Smoke on the water


In 1971, one of rock’s greatest ever guitar riffs was conceived after a fire incinerated a venue on the Lake Geneva shoreline. Today, however, smoke on the water is less Deep Purple and more different shades of blue, as reports of fires on superyachts appear to be more frequent. A recent fire at Torquay Marina, UK, has brought to light once again the importance of fire safety precautions and a plan of action in the event of an emergency.

“There has been a spate of fires that could have been avoided due to absentee owners not putting in place the necessary supervisory protections and a plan for the event that a vessel catches fire,” Mike Taylor-West, partner, Private Client & Marine tells Superyacht Investor (SYI).

Cases like Rendezvous (pictured), the Princess Yacht that sunk in an inferno whilst docked on Saturday, May 28th are arguably preventable if the owners had taken necessary precautions. Taylor-West advises owners to identify a keyholder capable of moving a vessel in the event of an emergency, install fire detection equipment monitored by a central station and have a plan coordinated with the local authority. “If you have a fire on a vessel that has all the supervisory arrangements in place and a plan, in theory, you stand an increased chance of extinguishing the fire,” he says.

A good example is the 2021 fire in Marina Kaštela, Croatia, where five vessels were destroyed and a further 18 damaged during a blaze originating from one yacht. “You have to wonder if it was an unnecessary amount of loss, particularly if there was not a robust plan to move vessels to safe anchorage,” said Taylor-West. “When an owner has a keyholder close to the boat, that means there is a responsible party who can move it at short notice or by agreement (and providing life isn’t threatened) using the marina’s work vessels to tow it out of harm’s way.”

Speaking at SYI London 2022, Ben Lind, senior yacht underwriter, AIG, highlighted the risks for clients who limit or remove their crew when the vessel is docked. “Insurers are concerned with de-manning and skeleton crews on yachts.
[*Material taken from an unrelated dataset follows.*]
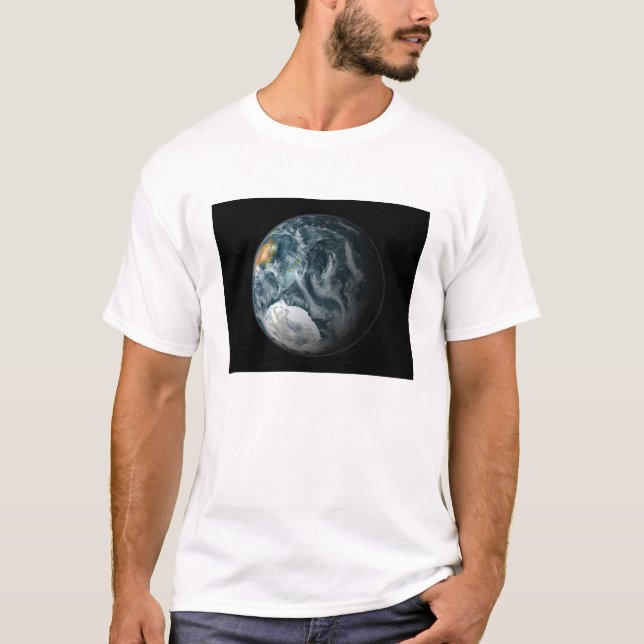 Camiseta Vista de cheio da Terra destacando a Antártica (Frente)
Perhaps it won’t stop loss, but it could mitigate it, not just with fires but with storms and heavy weather.”

Whilst a skeleton crew might be recommended by insurers; the absence of a crew is unlikely to be the damming factor in a rejected insurance claim if a fire or disaster affected the vessel. “From a client’s perspective, the insurer would have to be very confident they could prove that the lack of crew on board was the reason for this claim, or made it worse,” said Mike Wimbridge, MD, Pantaenius UK at SYI London 2022. “That is not a route that many insurers are likely to go down.”
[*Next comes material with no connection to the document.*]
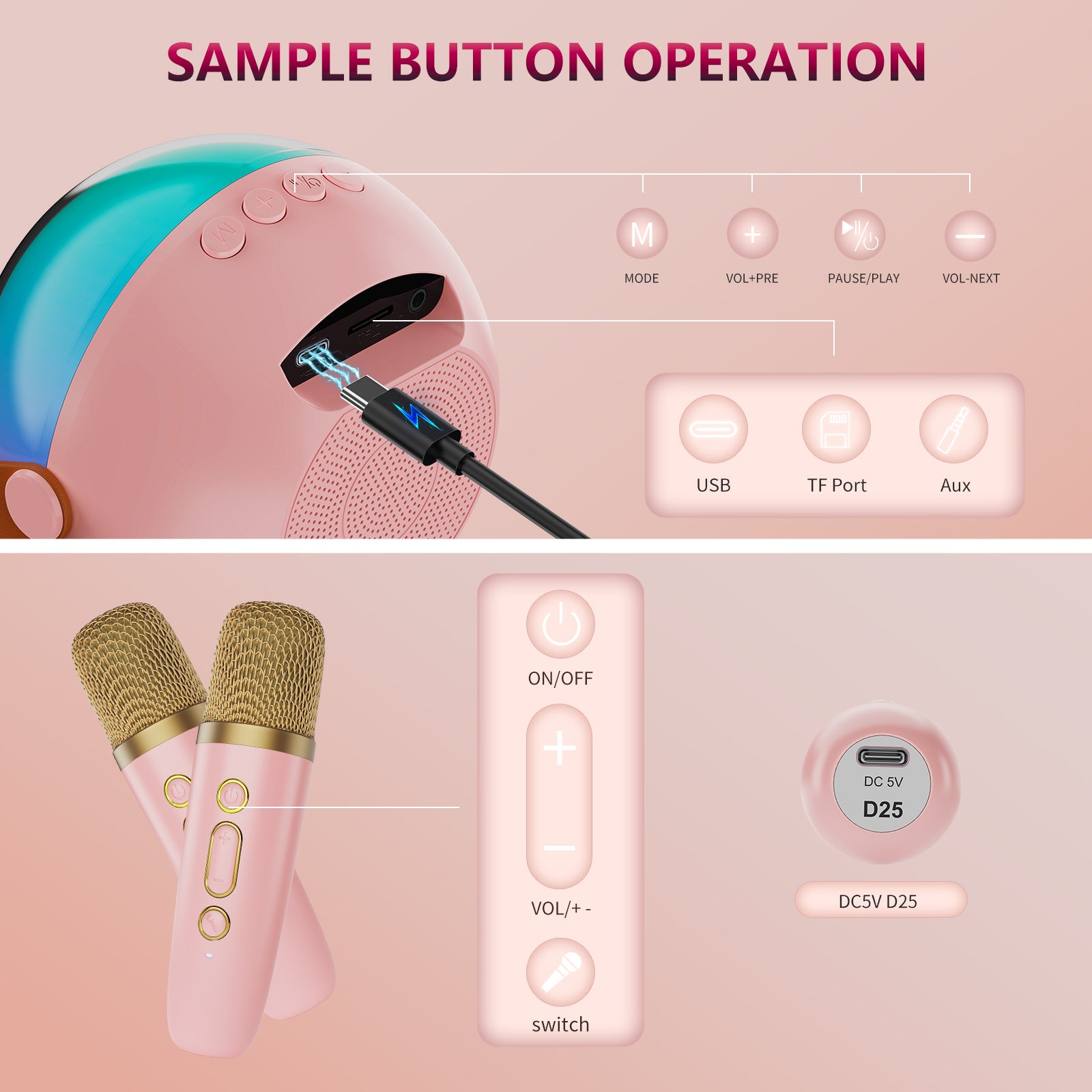 D25 Mini Karaoke Machine with Wireless Mics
Ignoring safety regulations is a greater worry on privately-owned motor yachts than chartered vessels, according to Taylor-West. “There’s a clear split between private vessels and commercial chartering, where there is a requirement for that knowledge [about fire safety],” he says. “There’s an awful lot of vessels in the sub 30m [98ft] bracket that are privately owned and operated that don’t fall under commercial coding. Whilst there is guidance from the Flag/Registry, most are quiet on minimum manning when alongside and not navigating.”

Yachts below 30m typically do not have the same level of examination as larger yachts with permanent crews. For example, on some yachts, an officer of the day would likely be employed to observe the vessel and ensure that all risks were minimised. “A lot of docked yachts that are privately owned do not have an officer of the day or resident crew but perhaps they should,” he said. If they detect a fire at its outbreak, or water ingress too, both have a greater chance of being stopped.”
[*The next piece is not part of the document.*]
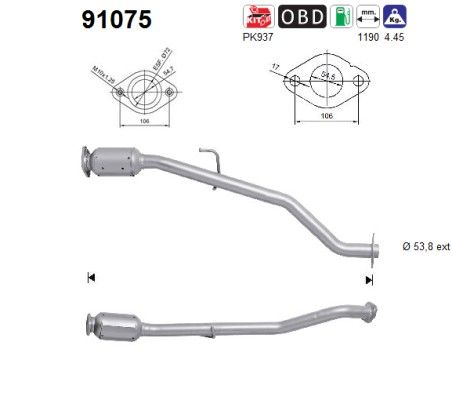 Grand Vitara II (1.6i-16V/2.0i-16V) 03/06- katalysator achterzijde 1425065J03H02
Insurers accepting risk are more likely to request detailed planning from owners in relation to fires and how vessels are cared for when unattended. This may not necessarily affect premiums, however, which are more likely to be affected by supply chain issues.

It would be helpful if owners entered into a greater sense of partnership with insurers to do their best to protect their vessel and take a planned approach to emergencies,” Taylor-West adds. “That way, we can all avoid these losses and try to do our best collectively to keep a lid on insurance premiums.”